Basic architecture of the dedicated leakage current system is shown in Fig. 9. There are 3 basic components to the system for data collection, storage and presentation:
1. The wireless sensors networking protocol uses the IEEE 802.14.5 standard; operating in the 2.45 GHz frequency band. Each sensor in the wireless network can be configured to broadcast at set intervals ranging from 5 to 120 seconds. All data packets transmitted by the sensors are collected by the ZAP (Wireless Access Point), which reassembles and stores the sensor data in memory. Bin levels on the sensors can also be wirelessly reset and calibrated.
2. Sensor Base Station: The base station is the main on-site data collection point. Each base station is equipped with a ZAP, data logger, cell modem, battery/solar panel, and peripheral sensors. The base station consists of the following components with the functions described:
• ZAP(Wireless Access Point): Collect and store data from EPRI wireless sensors.
• The ZAP can be integrated with utility asset health systems directly, using Modbus or DNP3, or integrated into the EPRI Research Sensor Network, as described below.
• Data logger: Interrogates the ZAP for wireless sensor data (via RS232 modbus), and collects data from peripheral sensors such as wind, temperature/humidity, and door alarm. All collected data are stored in a circular buffer.
• Cell Modem: Allows the EPRI VDV server to pull data from the data logger- Battery/Solar Panel: Main power source of the base station.

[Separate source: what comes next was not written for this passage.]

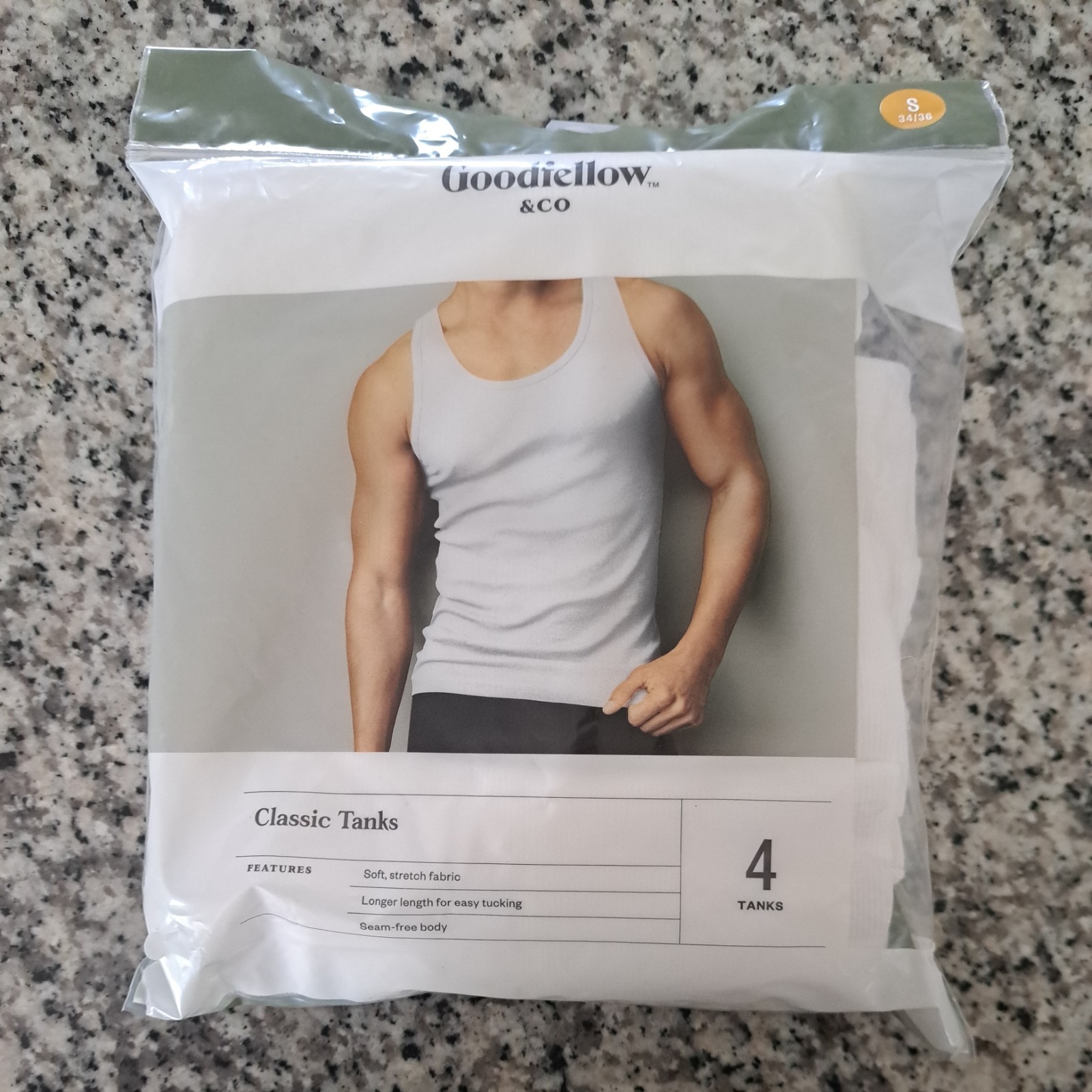 Goodfellow & Co Men’s 4pk Ribbed Tank Top – (Small, White)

Without sunlight, the base station will remain operational for up to 7 days.
3. EPRI VDV Server: For the EPRI Research Sensor Network all base stations in the field report back to a central data server. This server is configured to pull data from the field at fixed intervals throughout the day (if necessary it also perform post processing on the data). Data collected are then stored in a MySQL database. A web interface is also available for accessing and viewing the collected data. Additional password protection and access control are available to only allow certain users to access the data stored on the server. Email alarms can be generated and sent to both utility and EPRI personnel.
Data is made accessible to users via an automatically generated web page, shown in Fig. 10. Leakage current activity is shown in 3 formats: 1. development of bin counts over time (top graph); 2. highest current measured during latest monitoring interval (middle graph), and 3. algorithms that have been developed to trigger alarms (bottom graph). A summary of sensor locations and visible alarms with important weather parameters are shown on a dashboard (as in Fig. 11).

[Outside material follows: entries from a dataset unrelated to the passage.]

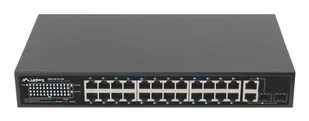 Lanberg RSFE-24P-2C-250 łącza sieciowe Nie zarządzany Gigabit Ethernet (10/100/1000) Obsługa PoE 1U Czarny - Pozostałe akcesoria sieciowe - miniaturka - grafika 1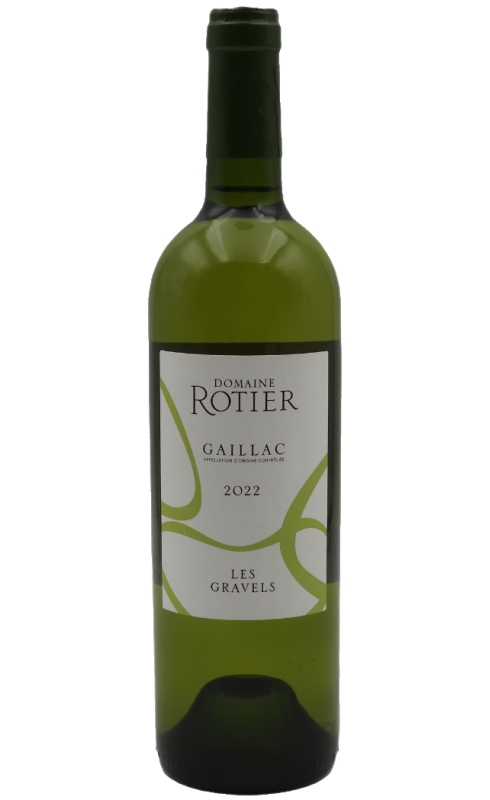 Photographie d'une bouteille de vin blanc Rotier Les Gravels 2022 Gaillac Blc Bio 75cl Crd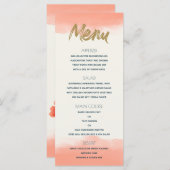 Menu Paradis Exotique Aquarelle de Corail (Devant / Derrière)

EPRI’s approach to wireless leakage current monitors sees leakage current on insulators monitored using a robust, low-installed-cost device that allows widespread applications to monitor insulator performance under polluted conditions. The sensor has been deployed at a number of sites to demonstrate its utility and robustness. For utilities, the goals are obtaining information on when to conduct insulator washing and collecting information for dimensioning insulation with respect to pollution. A key aspect of the EPRI system is that the leakage current sensor is just one of a range of sensors that have been developed to address a range of transmission assets and issues so as to form a suite. New sensors for the suite are continually being developed and commercialized based on industry needs. Basic development of the EPRI leakage current sensor concept is now final and sensors are now commercially available.